The code is functional, simple and very readable. Observers integrate well with Angular’s components and overall structure.
As for an example usage of this component:
<btn [requiredClicks]="3" (multiClick)="handleTripleClick($event)"></btn>
Converting hot observable to cold
When discussing hot and cold observables, I told you there’s a way to convert a cold observable to a hot one. That’s possible thanks to some complex transformations, which we can benefit from through a simple share()
operator.
import { interval } from "rxjs";
import { share } from "rxjs/operators";
const observable$ = interval(1000).pipe(share());
observable$.subscribe((value) => {
console.log("Subscription A", value);
});
setTimeout(() => {
observable$.subscribe((value) => {
console.log("Subscription B", value);
});
}, 2000);
/* Console output:
Subscription A 0
Subscription A 1
Subscription A 2
Subscription B 2
Subscription A 3
Subscription B 3
...
*/
The example from above is the same one we’ve analyzed when discussing multiple subscriptions to one observable. Notice the small difference - piping of the share()
operator.
Thanks to this little change, all our subscriptions will now get the same synchronized values, no matter when they subscribe. We’ve just made a hot observable out of a cold one.
Error handling
With the knowledge of operators, we can now discuss how we should handle errors in observables.

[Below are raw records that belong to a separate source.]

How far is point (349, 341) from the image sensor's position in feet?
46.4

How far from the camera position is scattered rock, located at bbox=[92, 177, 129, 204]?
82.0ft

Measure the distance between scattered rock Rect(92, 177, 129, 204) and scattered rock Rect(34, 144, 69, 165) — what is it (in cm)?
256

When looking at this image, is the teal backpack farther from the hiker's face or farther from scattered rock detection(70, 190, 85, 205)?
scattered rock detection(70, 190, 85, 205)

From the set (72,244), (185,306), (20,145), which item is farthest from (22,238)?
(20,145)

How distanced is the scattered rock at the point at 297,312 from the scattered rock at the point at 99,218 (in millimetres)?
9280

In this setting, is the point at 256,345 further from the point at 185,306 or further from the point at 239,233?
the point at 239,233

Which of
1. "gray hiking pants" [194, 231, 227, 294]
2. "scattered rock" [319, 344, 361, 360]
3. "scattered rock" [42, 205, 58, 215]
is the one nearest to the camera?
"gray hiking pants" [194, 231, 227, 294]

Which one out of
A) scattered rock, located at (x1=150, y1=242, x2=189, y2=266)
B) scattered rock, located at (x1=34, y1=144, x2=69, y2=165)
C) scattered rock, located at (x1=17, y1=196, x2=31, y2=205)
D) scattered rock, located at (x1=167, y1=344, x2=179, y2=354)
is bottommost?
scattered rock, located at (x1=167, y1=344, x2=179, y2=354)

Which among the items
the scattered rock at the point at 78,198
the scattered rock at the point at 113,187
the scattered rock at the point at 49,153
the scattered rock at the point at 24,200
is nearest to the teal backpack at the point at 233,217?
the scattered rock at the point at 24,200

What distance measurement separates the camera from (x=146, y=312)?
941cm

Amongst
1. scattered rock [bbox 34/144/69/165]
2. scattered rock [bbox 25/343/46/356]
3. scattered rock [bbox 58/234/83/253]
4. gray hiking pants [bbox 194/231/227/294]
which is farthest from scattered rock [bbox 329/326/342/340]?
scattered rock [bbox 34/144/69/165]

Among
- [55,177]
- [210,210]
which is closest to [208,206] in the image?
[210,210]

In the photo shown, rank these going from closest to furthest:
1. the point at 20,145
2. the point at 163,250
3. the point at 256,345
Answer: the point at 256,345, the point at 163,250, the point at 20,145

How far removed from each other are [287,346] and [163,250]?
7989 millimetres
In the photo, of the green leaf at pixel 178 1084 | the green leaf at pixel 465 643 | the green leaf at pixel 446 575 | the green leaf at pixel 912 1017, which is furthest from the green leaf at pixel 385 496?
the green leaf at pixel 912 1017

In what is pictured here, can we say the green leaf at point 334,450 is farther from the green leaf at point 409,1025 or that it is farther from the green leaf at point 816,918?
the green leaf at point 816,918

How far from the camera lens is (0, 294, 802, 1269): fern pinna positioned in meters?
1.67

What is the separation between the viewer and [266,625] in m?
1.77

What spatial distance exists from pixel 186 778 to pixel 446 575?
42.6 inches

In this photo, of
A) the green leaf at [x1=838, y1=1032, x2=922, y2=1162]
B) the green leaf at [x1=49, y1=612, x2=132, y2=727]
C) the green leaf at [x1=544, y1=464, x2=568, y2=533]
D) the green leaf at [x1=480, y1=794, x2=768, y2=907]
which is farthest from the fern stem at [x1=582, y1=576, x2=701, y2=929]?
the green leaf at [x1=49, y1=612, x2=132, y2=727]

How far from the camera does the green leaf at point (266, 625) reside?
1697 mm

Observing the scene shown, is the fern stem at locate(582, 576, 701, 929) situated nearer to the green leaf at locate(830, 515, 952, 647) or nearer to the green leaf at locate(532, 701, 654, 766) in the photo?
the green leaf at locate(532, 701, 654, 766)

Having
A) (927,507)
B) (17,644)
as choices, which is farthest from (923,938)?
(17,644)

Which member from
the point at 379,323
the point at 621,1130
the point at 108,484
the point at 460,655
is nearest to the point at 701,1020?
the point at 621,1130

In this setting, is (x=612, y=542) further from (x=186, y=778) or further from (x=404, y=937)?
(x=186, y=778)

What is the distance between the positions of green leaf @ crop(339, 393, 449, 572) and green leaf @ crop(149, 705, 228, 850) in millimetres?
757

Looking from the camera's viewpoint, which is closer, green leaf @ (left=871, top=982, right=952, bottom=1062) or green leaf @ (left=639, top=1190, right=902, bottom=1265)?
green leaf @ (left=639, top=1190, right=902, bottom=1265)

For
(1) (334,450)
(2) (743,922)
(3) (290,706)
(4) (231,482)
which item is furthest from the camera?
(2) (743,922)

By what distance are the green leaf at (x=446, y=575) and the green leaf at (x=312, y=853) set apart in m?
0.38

We’ve already got a glimpse of that with observers in subscribe()
method and their error
callback. However, this way of handling errors has some big disadvantages. First off, it’s finite, meaning you can’t easily recover from error even if you want to. And also, it goes against Angular’s philosophy of separation of concerns.
There’s a special operator that can be used for handling errors and solves both of these issues - catchError()

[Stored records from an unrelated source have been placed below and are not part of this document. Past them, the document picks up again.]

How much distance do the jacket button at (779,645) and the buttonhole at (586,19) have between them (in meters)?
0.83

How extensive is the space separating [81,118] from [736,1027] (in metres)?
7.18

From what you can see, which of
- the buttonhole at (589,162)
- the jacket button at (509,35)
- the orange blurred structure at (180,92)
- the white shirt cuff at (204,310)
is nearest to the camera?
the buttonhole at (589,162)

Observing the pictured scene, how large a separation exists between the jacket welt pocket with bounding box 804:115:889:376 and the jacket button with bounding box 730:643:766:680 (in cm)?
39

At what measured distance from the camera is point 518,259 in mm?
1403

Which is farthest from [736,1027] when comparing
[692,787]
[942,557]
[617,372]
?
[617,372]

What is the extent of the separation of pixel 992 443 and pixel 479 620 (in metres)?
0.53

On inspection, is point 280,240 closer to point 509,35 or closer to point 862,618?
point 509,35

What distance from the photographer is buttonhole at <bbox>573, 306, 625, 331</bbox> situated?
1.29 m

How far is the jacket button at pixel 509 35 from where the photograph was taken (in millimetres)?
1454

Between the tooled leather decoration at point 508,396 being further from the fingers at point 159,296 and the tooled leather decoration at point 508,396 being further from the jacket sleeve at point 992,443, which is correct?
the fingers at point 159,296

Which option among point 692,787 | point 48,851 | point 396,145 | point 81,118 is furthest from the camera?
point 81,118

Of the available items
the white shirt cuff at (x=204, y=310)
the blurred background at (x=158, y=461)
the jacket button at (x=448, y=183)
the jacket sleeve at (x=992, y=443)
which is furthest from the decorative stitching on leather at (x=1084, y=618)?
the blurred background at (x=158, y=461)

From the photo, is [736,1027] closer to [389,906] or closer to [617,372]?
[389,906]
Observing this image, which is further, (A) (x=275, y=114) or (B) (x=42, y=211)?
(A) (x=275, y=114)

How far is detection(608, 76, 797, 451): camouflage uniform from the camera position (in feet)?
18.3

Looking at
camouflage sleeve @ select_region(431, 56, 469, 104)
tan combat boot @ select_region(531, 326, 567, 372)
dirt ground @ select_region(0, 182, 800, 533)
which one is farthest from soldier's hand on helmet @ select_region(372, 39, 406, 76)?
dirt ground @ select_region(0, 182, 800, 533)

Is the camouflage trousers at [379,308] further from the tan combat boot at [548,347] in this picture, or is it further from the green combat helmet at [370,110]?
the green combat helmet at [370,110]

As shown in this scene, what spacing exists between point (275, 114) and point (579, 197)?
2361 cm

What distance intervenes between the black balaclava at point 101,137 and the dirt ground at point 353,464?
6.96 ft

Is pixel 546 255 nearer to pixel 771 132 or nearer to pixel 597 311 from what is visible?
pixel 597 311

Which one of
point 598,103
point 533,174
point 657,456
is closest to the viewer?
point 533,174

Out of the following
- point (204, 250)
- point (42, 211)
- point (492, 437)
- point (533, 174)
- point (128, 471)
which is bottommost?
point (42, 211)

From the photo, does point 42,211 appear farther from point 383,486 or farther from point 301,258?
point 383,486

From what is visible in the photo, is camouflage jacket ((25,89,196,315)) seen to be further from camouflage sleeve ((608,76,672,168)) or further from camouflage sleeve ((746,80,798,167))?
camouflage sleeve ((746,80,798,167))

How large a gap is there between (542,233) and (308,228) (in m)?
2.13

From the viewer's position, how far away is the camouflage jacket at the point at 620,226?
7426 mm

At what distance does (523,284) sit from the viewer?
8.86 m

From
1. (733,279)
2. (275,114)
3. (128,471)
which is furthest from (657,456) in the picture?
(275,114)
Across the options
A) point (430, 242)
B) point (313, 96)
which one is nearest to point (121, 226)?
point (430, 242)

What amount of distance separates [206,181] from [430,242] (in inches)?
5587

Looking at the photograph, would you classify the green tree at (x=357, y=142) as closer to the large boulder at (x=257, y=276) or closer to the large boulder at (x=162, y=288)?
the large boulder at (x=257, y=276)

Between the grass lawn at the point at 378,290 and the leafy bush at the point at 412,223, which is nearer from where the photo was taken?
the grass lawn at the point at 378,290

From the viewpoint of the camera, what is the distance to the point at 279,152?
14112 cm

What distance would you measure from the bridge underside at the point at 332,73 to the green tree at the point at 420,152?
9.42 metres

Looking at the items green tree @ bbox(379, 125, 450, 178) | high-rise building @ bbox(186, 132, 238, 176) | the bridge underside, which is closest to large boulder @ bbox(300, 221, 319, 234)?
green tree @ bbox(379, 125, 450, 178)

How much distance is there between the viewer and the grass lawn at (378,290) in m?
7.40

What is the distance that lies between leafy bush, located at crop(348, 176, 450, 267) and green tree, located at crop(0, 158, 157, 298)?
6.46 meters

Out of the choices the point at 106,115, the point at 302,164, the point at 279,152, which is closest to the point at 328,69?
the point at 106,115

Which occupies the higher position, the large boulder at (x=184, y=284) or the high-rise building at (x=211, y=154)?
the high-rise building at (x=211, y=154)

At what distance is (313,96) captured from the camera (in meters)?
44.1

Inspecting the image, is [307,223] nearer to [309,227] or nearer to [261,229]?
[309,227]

. To show its use, let’s bring up the fromFetch()
creation function:
import { fromFetch } from "rxjs/fetch";
import { catchError, retry } from "rxjs/operators";
const observable$ = fromFetch("/example.json").pipe(
retry(3),
catchError(() => {
return Promise.resolve([]);
})
);
We pipe both retry()
and catchError()
to our fromFetch()
observable. retry()
is another useful operator that will resubscribe to the source observer upon error and retry running it up to the specified number of resubscriptions.
catchError()
gets handed a callback, that upon receiving the caught error, and source observable decides whether to throw this or new error, return the source observable and try again, or return any different kind of value.
In the example above, I return Promise.resolve([])
as the “fallback value” upon error. This will, in turn, result in an empty array being retrieved on the subscription’s end when a fetching error happens, as fromFetch()
will automatically unwrap the promise.
This short overview should provide you with a basic notion of what catchError()
and other error-handling operators are all about. They might seem a bit unnecessary right here, but in more complex scenarios with nested observables, when used alongside AsyncPipe, or in other edge cases, they become invaluable.
Summary
This detailed primer on RxJS and FRP in Angular should leave you with a solid understanding of the basics. It’s enough to start experimenting on your own or go to learn more advanced topics, such as observable nesting, Subjects, Schedulers, or complex operators.
RxJS and Angular form a great combo that can lead to simple, clean, and enjoyable code when used correctly. Sure, it requires learning a few new concepts, but this knowledge then pays off in better code and a better understanding of it.